The sample embedding uns['X_DR_sample'] is a blend of two views: composition blocks (built on Z_clust) and an RMD displacement block (built on Z_rmd). The single knob that controls their relative contribution is the RMD weight α — composition vs displacement. run_autotune selects that α for you.

compute_sample_embedding builds the multi-resolution composition blocks (coarse / medium / fine) in one shot, so there is no need to re-cluster at a grid of Leiden resolutions. Set a sensible Leiden resolution once in cell_types (default leiden_cluster_resolution=0.8); autotune then searches over α and rebuilds the embedding at the winning weighting.

Optional step

Autotuning takes longer than the rest of the pipeline because it re-builds the sample embedding for every candidate α. Most users keep the defaults (rmd_weight=0.60) and skip it.

Selecting α with run_autotune

Let autotune pick the block weighting:

from sampledisco.parameter_selection.autotune import run_autotune

result = run_autotune(
    adata,
    output_dir="sampledisco_demo_output/rna",
    sample_col="sample",
    celltype_col="cell_type",
    cluster_emb_key="Z_clust",
    rmd_emb_key=None,
    modality_col=None,
    batch_col=None,
    grouping_col="sev.level",
    scoring="auto",
    search="bayesian",
    scope="alpha_only",
    seed=42,
)

For multi-omics, pass modality_col="modality" and optionally tune_on_modality="RNA" to score the search against one modality's labels while still building the final embedding on all units.

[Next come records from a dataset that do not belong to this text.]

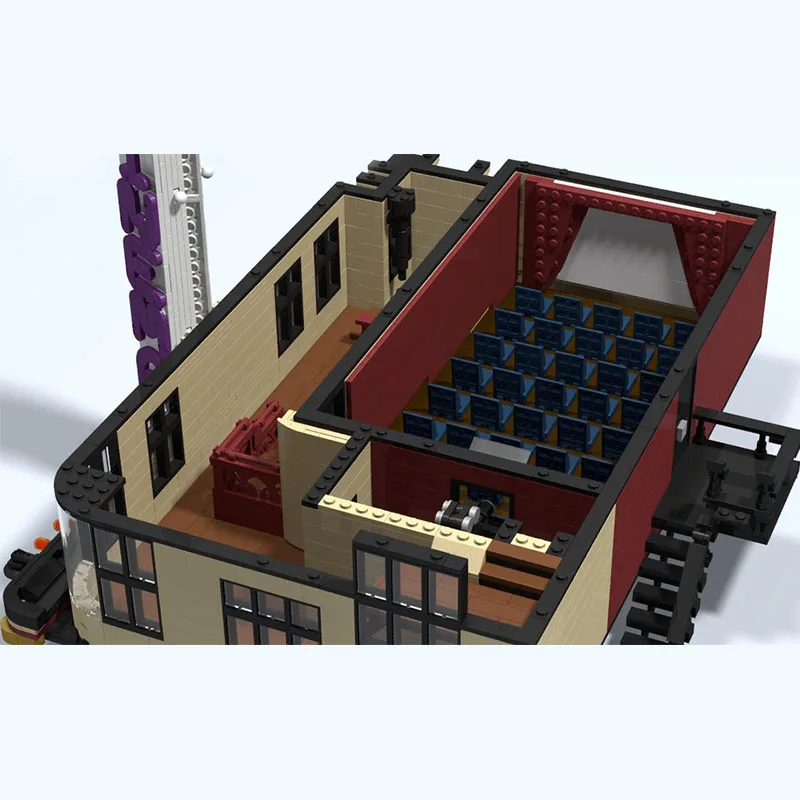 6776pcs MOC Cinema Modular Buildings Building Blocks Christmas Gift Inspires Unlimited Creativity Building Set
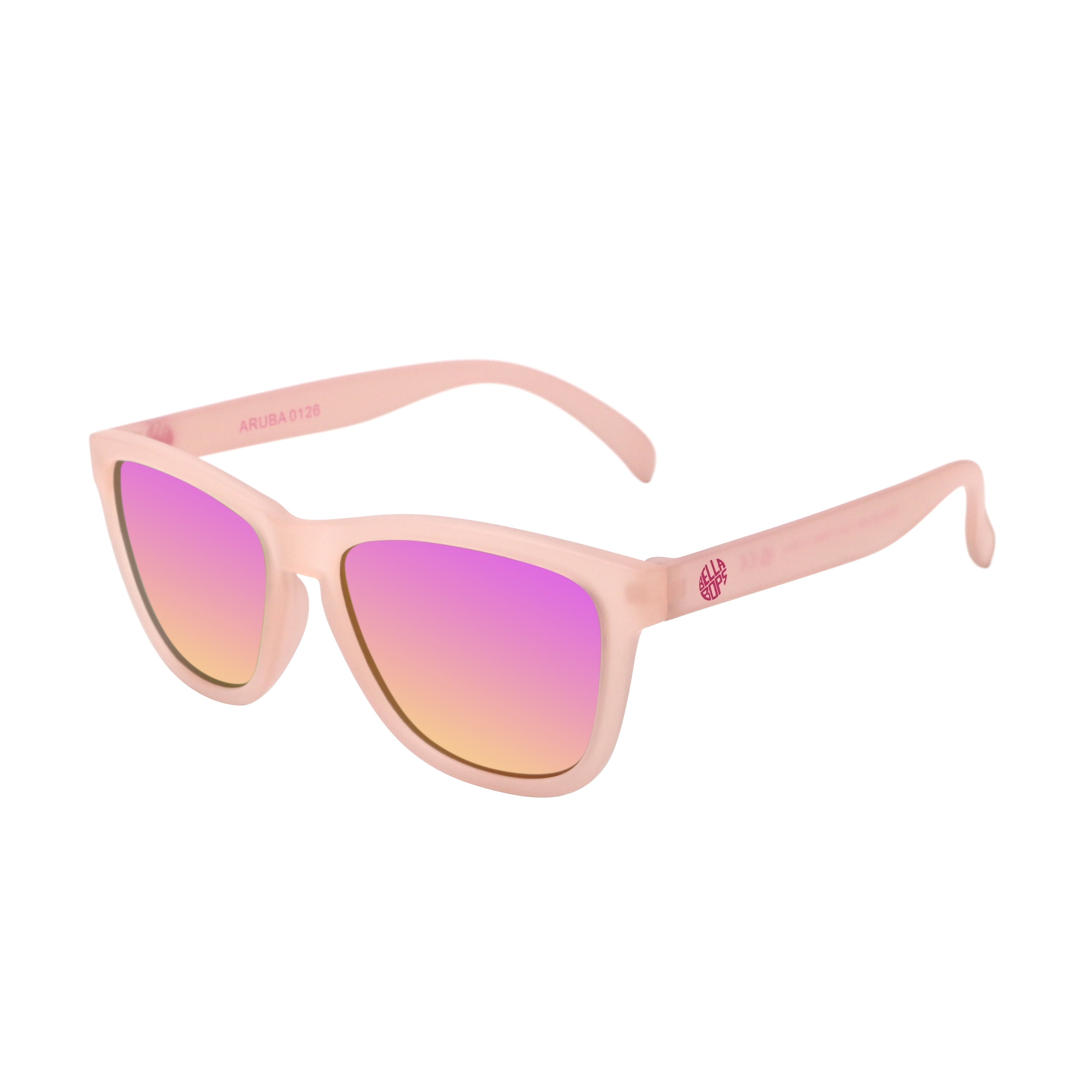 Arruba Peach Frosted GripVision™ SUNGLASSES (0126)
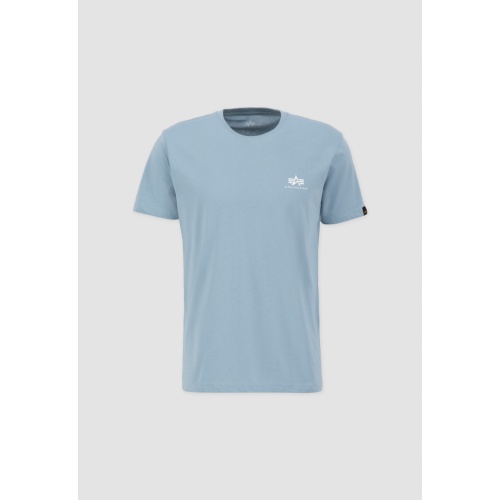 Alpha Industries Ανδρικό BASIC SL T-Shirt Βαμβακερό Regular-Fit - Grey / Blue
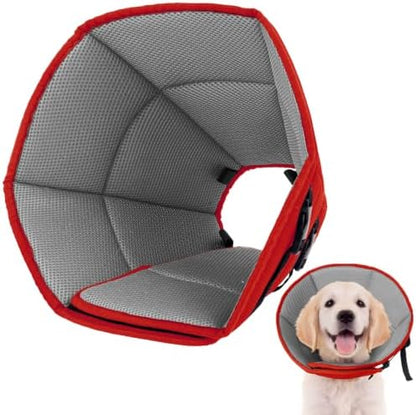Dog Cone Collar Soft Cone for Medium Dogs After Surgery Adjustable Elizabethan by Allroaring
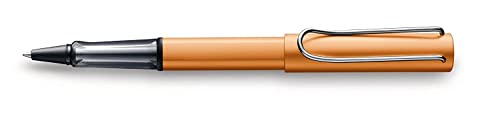 Lamy 1233456 AL-star Tintenroller Sonderedition 327 – Rollerball aus Aluminium in der Farbe Bronze mit transparentem Griffstück und verchromtem Metallclip – Strichbreite M von Lamy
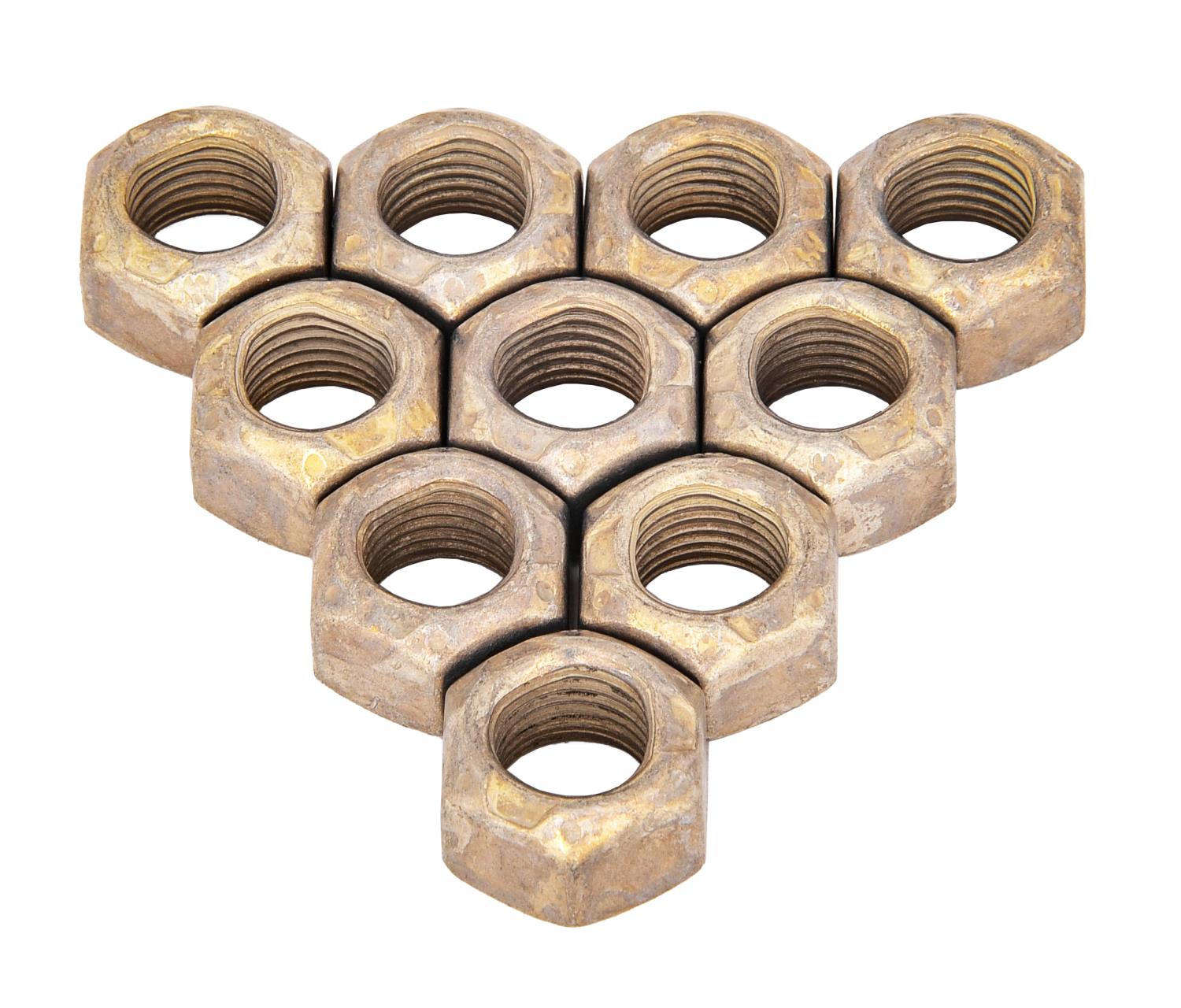 Stover (Distorted Thread) Lock Nut, 3/8 in.-24, Set of 10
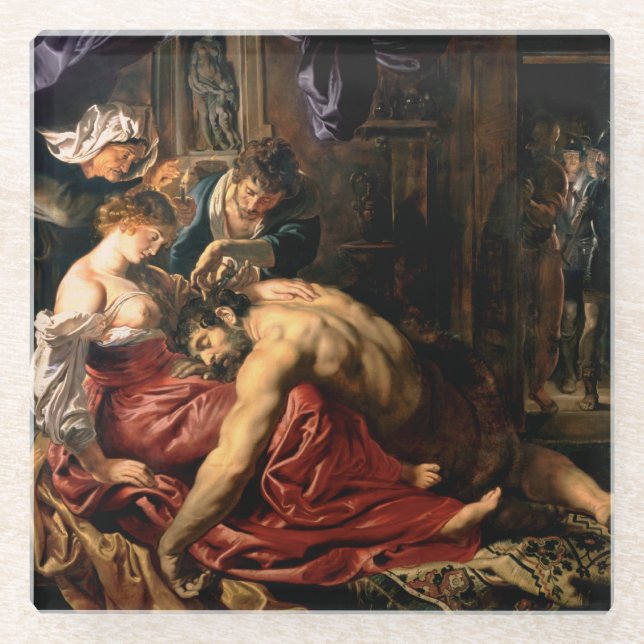 Dessous-de-verre En Verre Samson et Delilah, c.1609 (Devant)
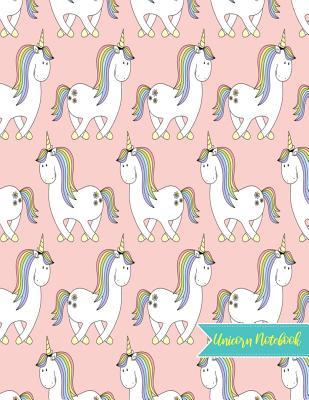 Read Online Unicorn Notebook: Cute Kawaii Journal and Diary Large 8.5 x 11 Matte Cover with Blank Lined Ruled White Paper Interior - Perfect for School, Gifts for Kids (Girls and Boys), Party Favors for Birthday, Activity Book for Arts and Crafts - Zion Gonzalez | ePub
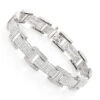 Men's Sterling Silver Diamond Bracelet 3.96ct -Its Hot Jewelry Shop mens sterling silver diamond bracelet 396 ct p 35868 wh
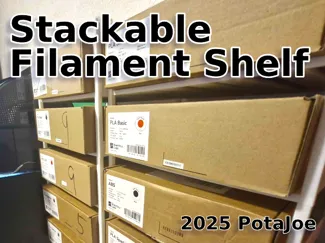Stackable Filament Shelf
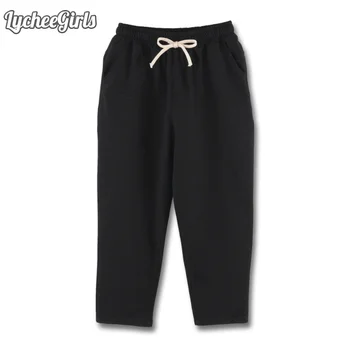 LycheeGirls Spring Autumn Women Pants Pocket Solid Drawstring Trousers Casual Loose Flat Straight Pants
LycheeGirls Spring Autumn Women Pants Pocket Solid Drawstring Trousers Casual Loose Flat Straight Pants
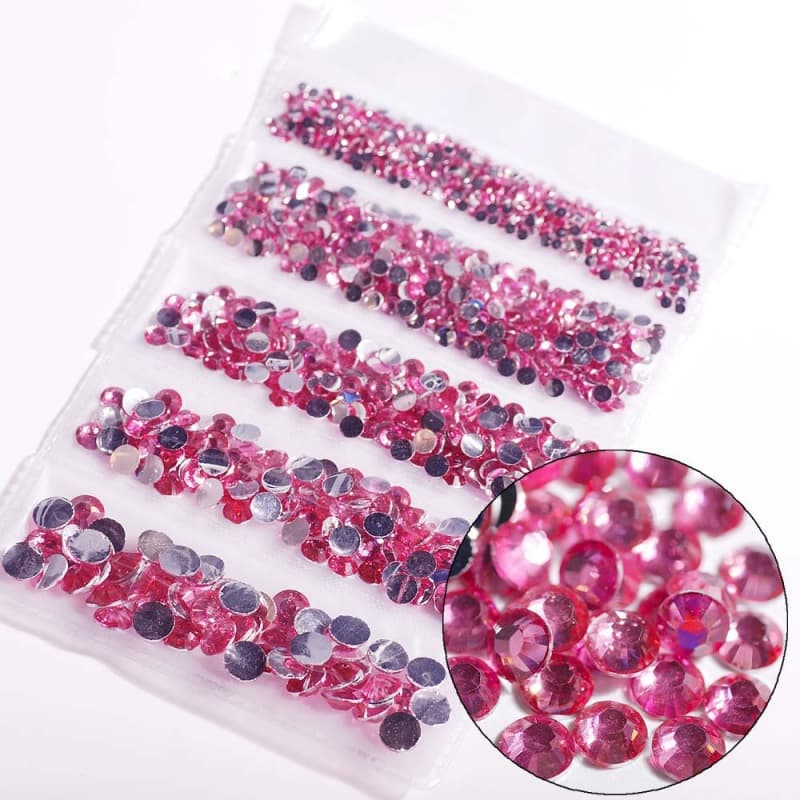 Jewelry Mobile Phone Rhinestone 1000PC Manicure 2-6mm DIY Resin 5-Piece Bag Beauty Rhinestone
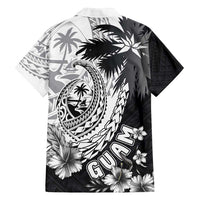 Hafa Adai Guam Family Matching Tank Maxi Dress and Hawaiian Shirt Polynesian Palm Tree Tattoo Hibiscus and Plumeria Art
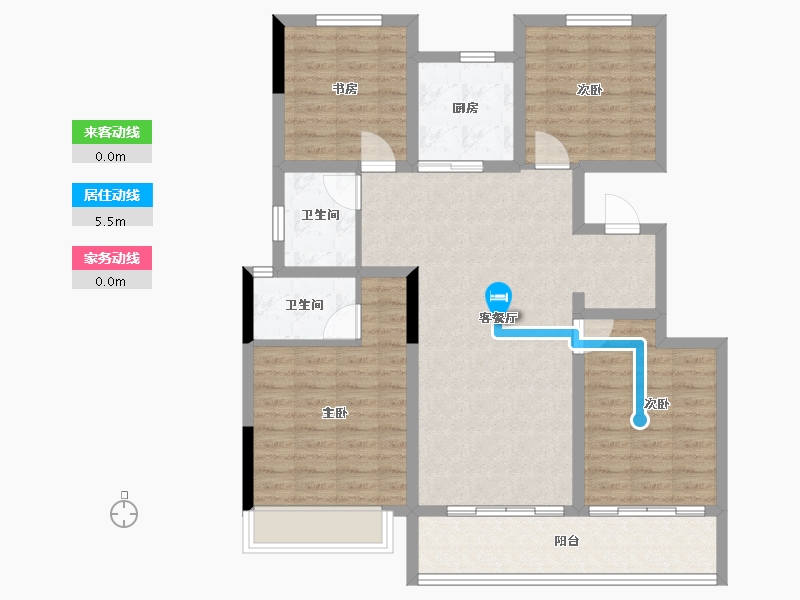 浙江省-杭州市-圣奥晓风望月府-101.00-户型库-动静线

See the run_autotune API reference for the full parameter list.

Config-driven path

In the config-driven wrapper, autotune is enabled with the per-modality flags *_autotune_enable (rna_autotune_enable / atac_autotune_enable / multiomics_autotune_enable). The search is controlled by the companion flags *_autotune_search, *_autotune_scoring, *_autotune_alpha_bounds, and *_autotune_grouping_col. The recommended path is simply to set the flag in your YAML and run:

sampledisco -m complex --config config.yaml

Output

Writesoutput_dir/ autotune artifacts: the best parameters, the search trace, and the final sample-level AnnData rebuilt at the winning block weighting (with uns['X_DR_sample'] set). run_autotune returns a dict containing the best params and that AnnData.

Result

The returned dict carries the selected α and the rebuilt sample AnnData, so the chosen weighting is already baked into uns['X_DR_sample']. When run through the wrapper, the selected α is applied automatically before downstream analysis proceeds.